**PROBLEM DESCRIPTION:** From the first line of the data down to the line bearing "Produzione di cotone", output every line exactly and include no pictures.

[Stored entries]
---------------

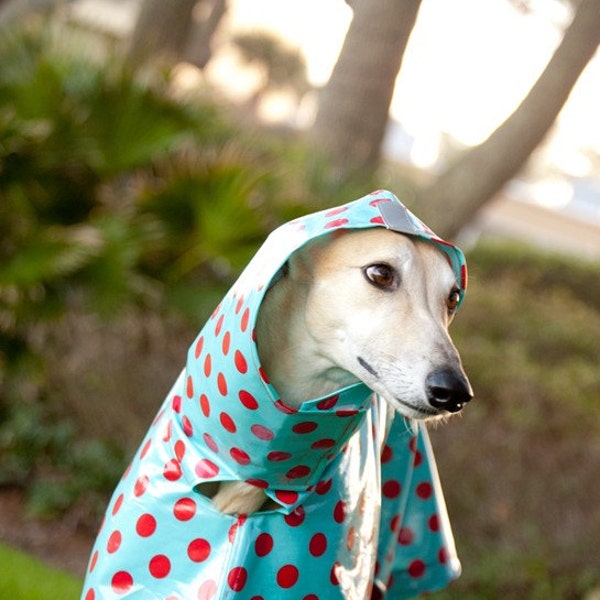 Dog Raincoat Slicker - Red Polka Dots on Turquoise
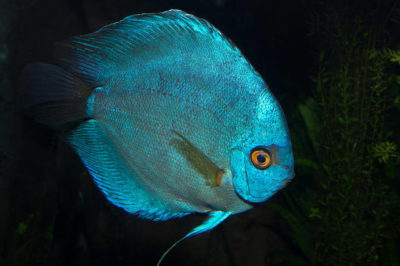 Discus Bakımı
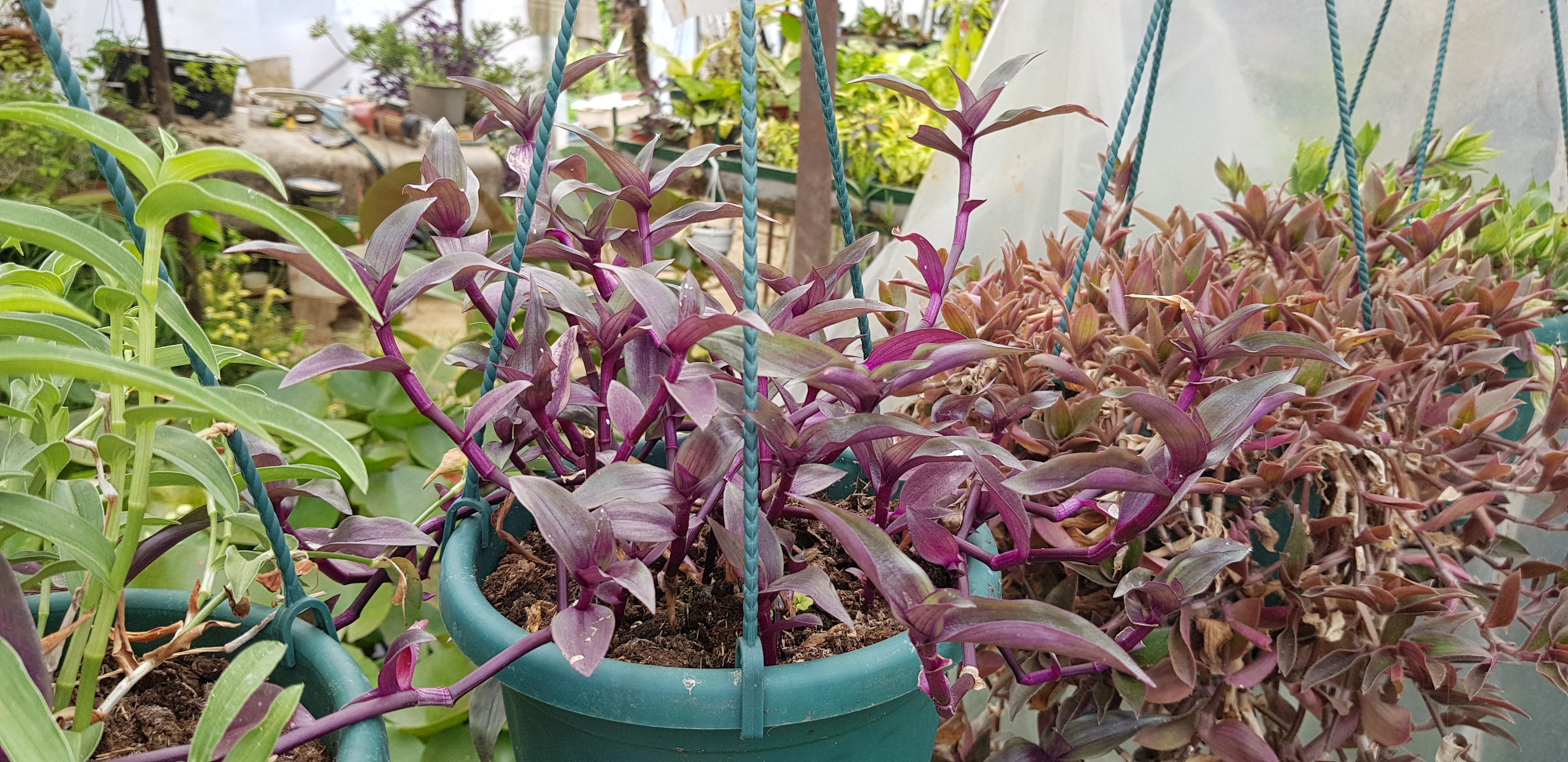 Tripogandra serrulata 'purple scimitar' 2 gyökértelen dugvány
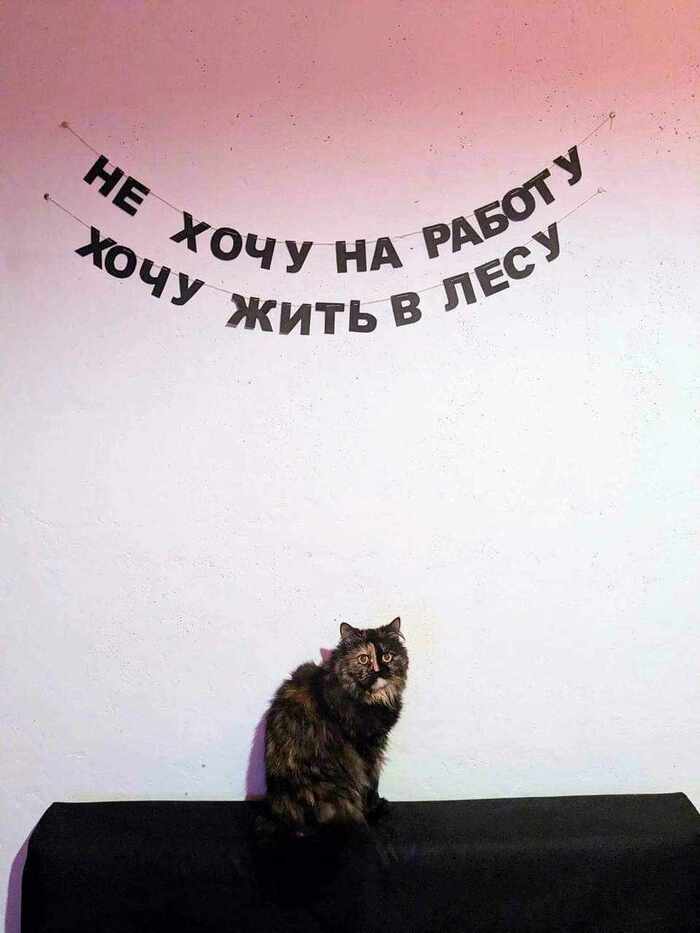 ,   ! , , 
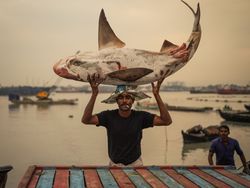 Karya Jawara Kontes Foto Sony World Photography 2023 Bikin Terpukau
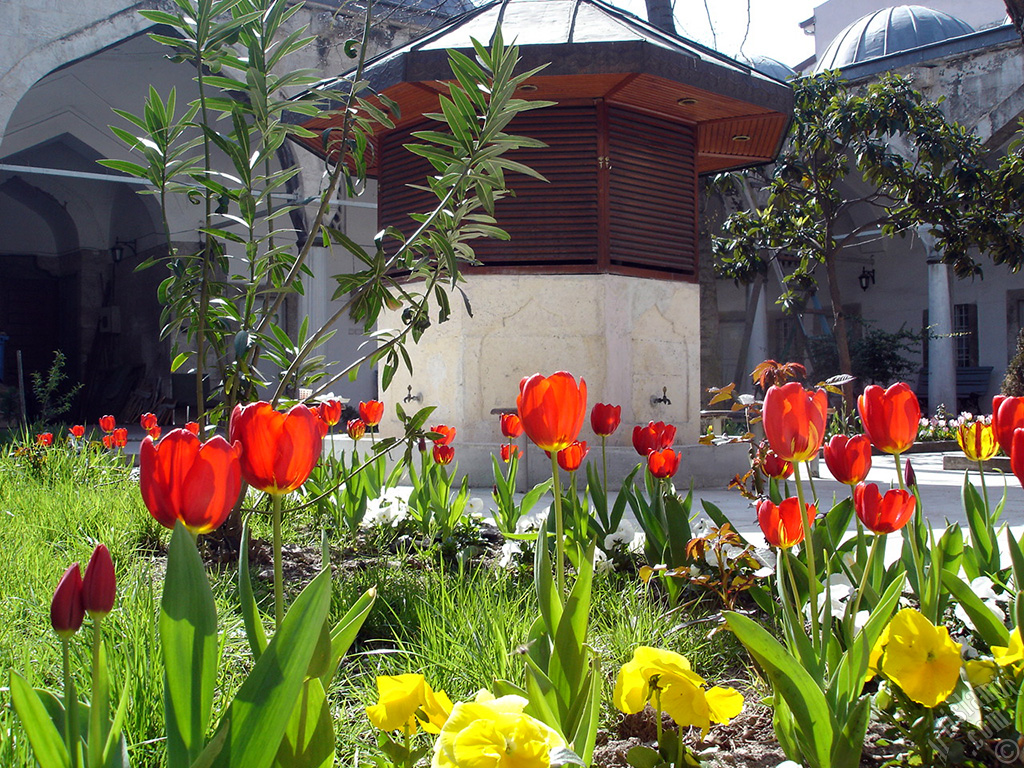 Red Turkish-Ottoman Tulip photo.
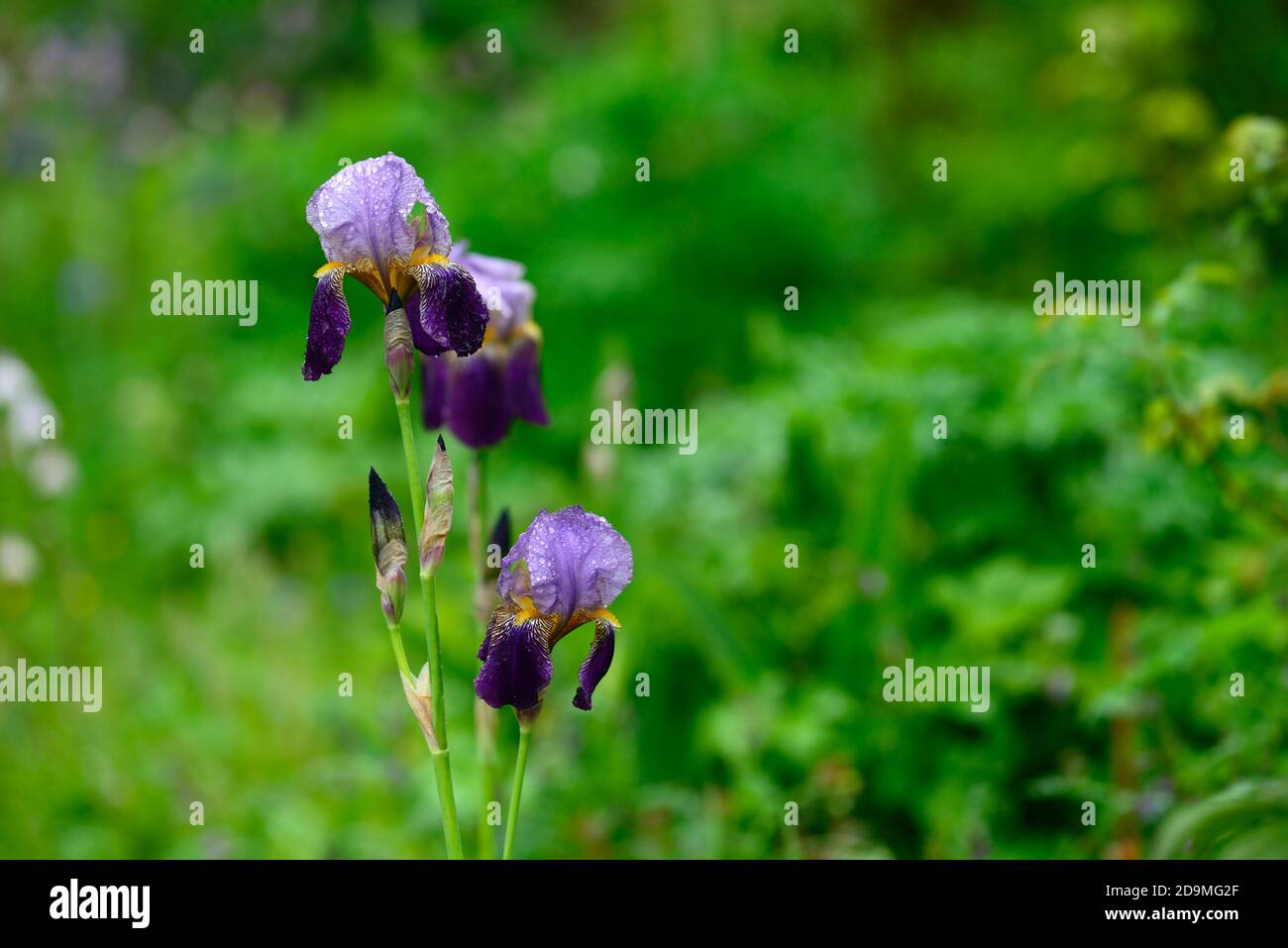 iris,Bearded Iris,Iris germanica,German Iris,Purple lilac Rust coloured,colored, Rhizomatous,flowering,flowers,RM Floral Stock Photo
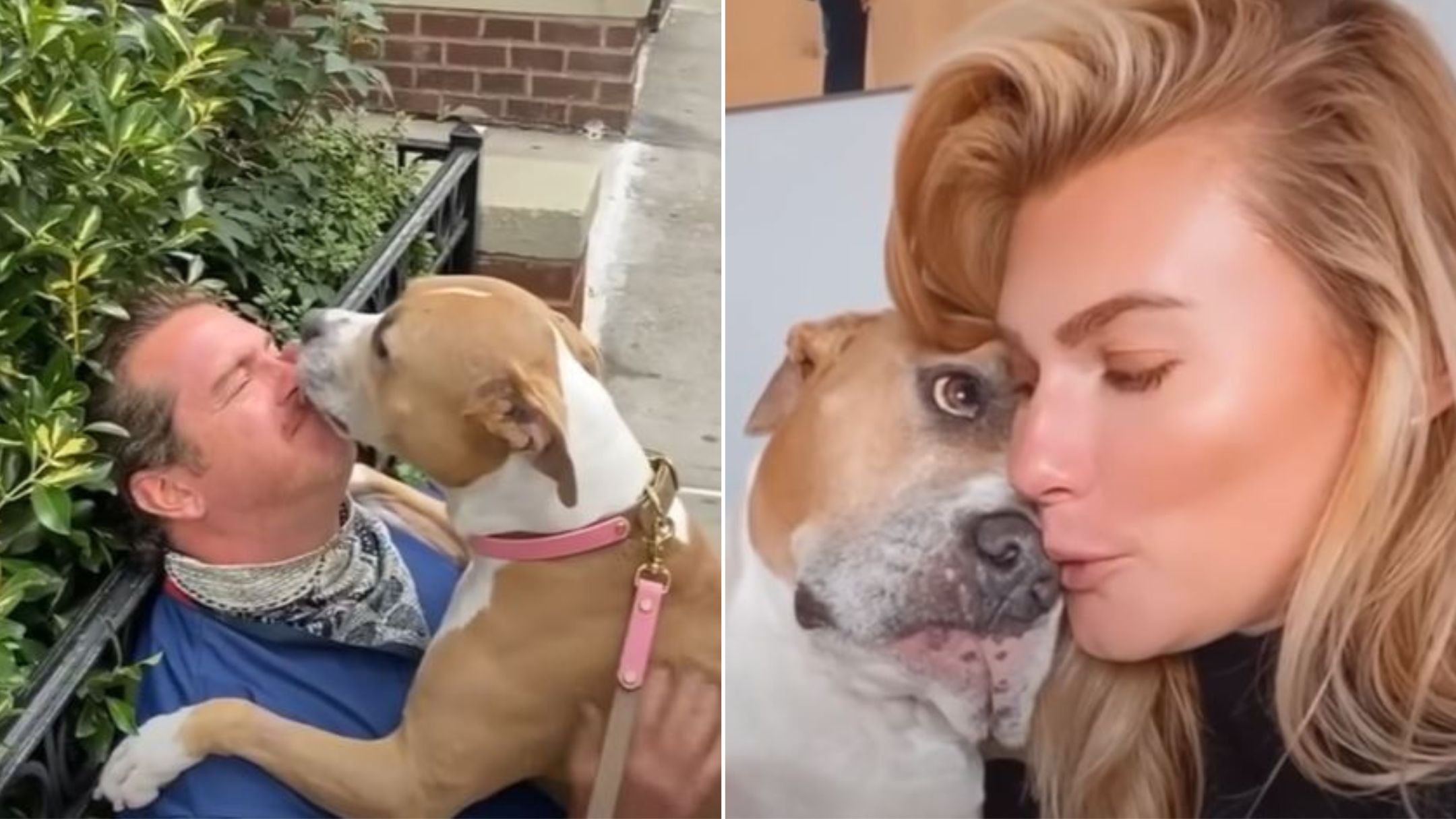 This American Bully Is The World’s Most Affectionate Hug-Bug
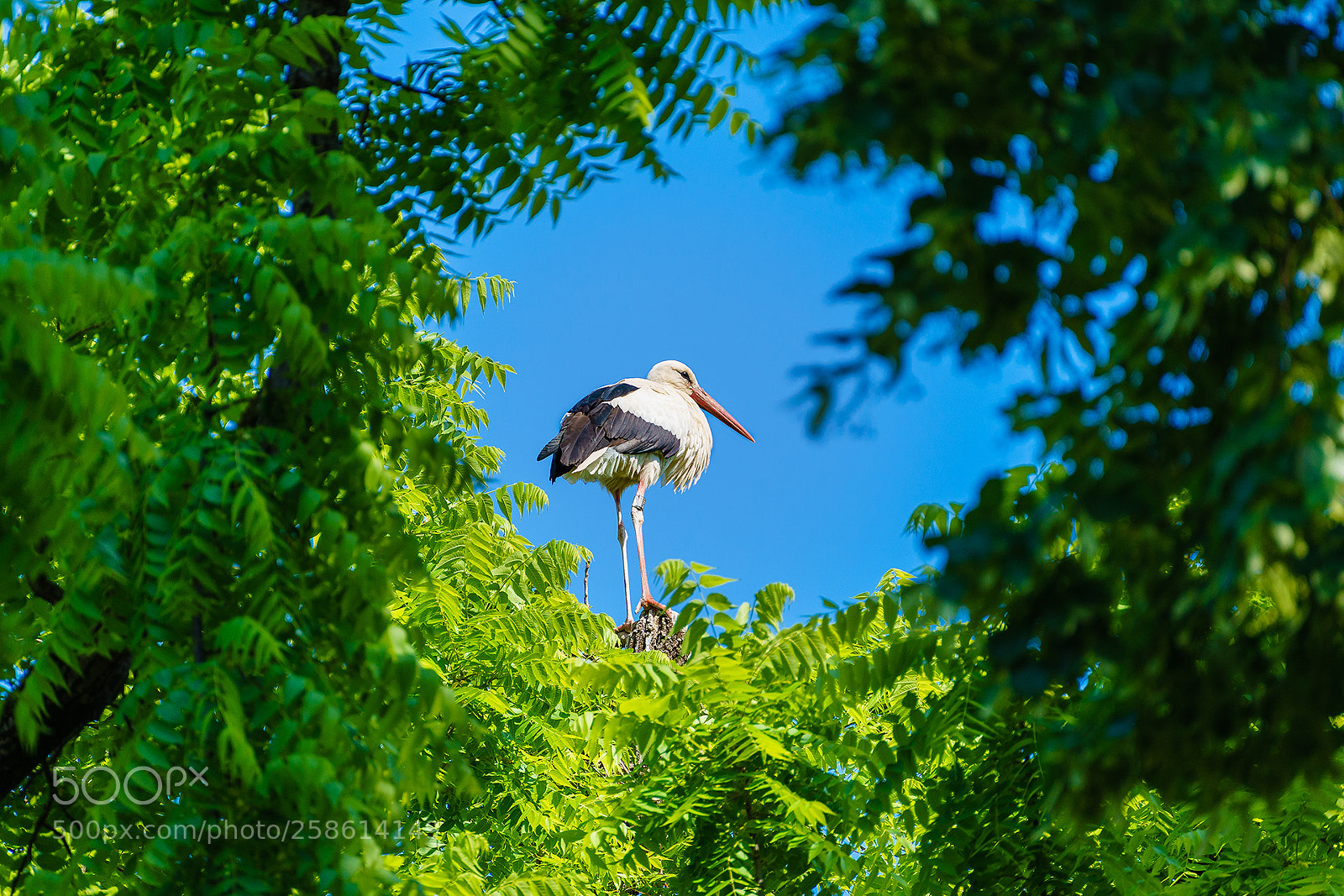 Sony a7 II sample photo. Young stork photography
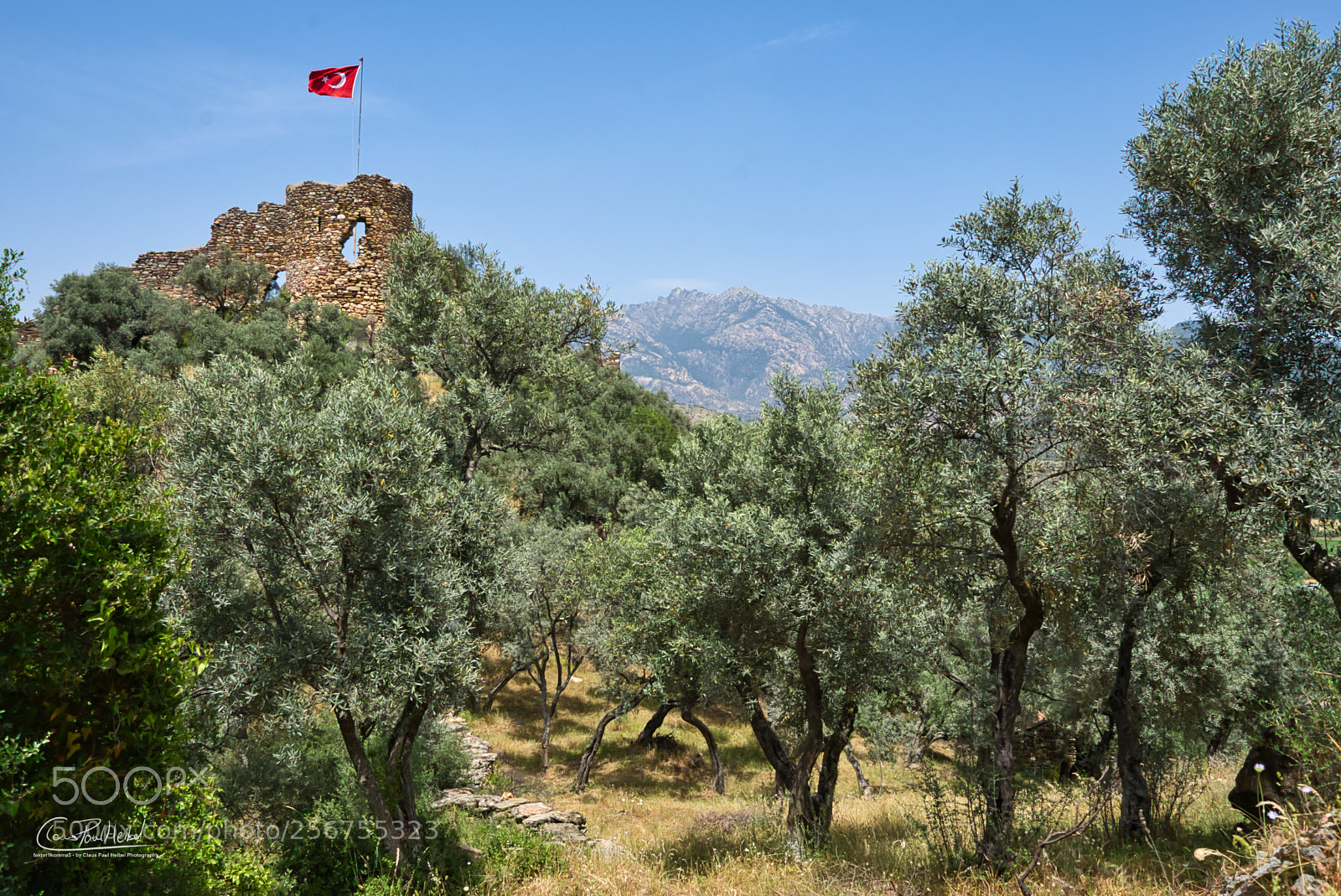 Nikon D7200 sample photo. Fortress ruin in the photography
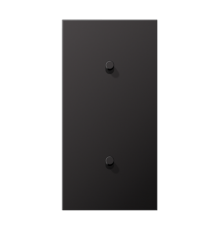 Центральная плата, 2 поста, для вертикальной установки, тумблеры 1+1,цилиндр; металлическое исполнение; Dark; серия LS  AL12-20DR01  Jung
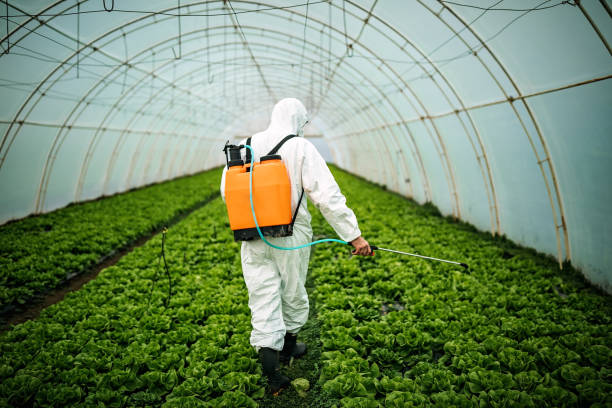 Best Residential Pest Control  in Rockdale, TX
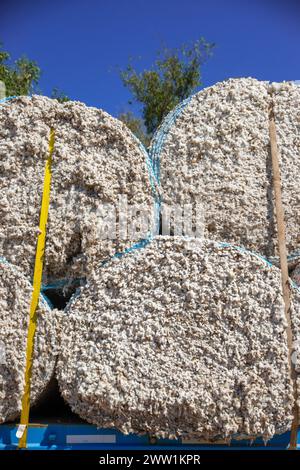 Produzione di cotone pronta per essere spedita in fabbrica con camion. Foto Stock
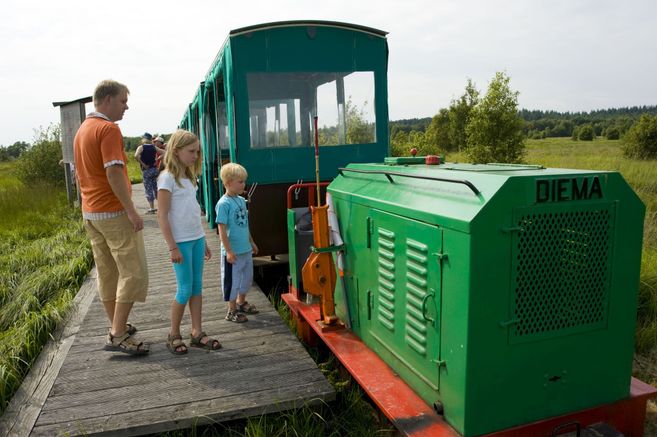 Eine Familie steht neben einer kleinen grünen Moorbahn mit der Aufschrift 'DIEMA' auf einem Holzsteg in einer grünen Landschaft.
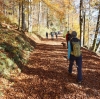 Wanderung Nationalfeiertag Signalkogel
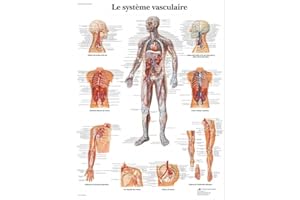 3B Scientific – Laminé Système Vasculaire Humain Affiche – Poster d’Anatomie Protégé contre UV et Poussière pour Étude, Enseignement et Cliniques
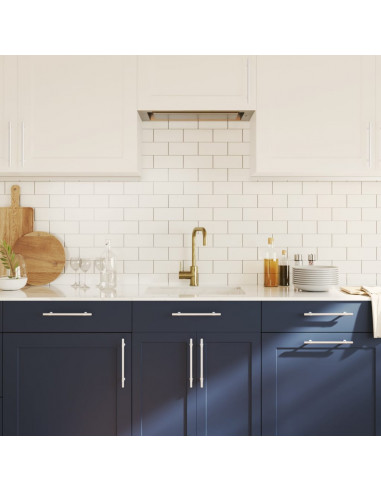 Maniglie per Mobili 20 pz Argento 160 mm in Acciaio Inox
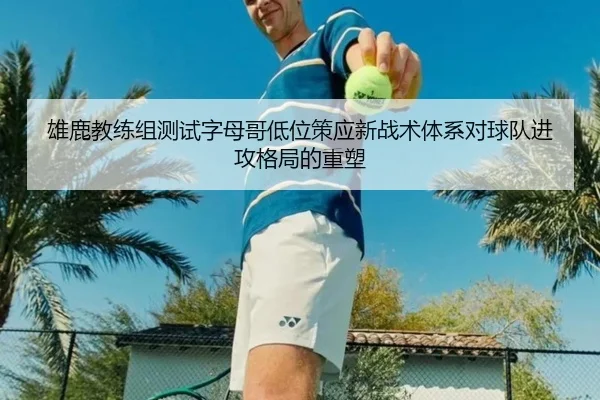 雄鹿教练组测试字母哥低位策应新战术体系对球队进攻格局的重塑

---------------

**RESULT OF THE EXERCISE:**
 Dog Raincoat Slicker - Red Polka Dots on Turquoise
 Discus Bakımı
 Tripogandra serrulata 'purple scimitar' 2 gyökértelen dugvány
 ,   ! , , 
 Karya Jawara Kontes Foto Sony World Photography 2023 Bikin Terpukau
 Red Turkish-Ottoman Tulip photo.
 iris,Bearded Iris,Iris germanica,German Iris,Purple lilac Rust coloured,colored, Rhizomatous,flowering,flowers,RM Floral Stock Photo
 This American Bully Is The World’s Most Affectionate Hug-Bug
 Sony a7 II sample photo. Young stork photography
 Nikon D7200 sample photo. Fortress ruin in the photography
 Центральная плата, 2 поста, для вертикальной установки, тумблеры 1+1,цилиндр; металлическое исполнение; Dark; серия LS  AL12-20DR01  Jung
 Best Residential Pest Control  in Rockdale, TX
 Produzione di cotone pronta per essere spedita in fabbrica con camion. Foto Stock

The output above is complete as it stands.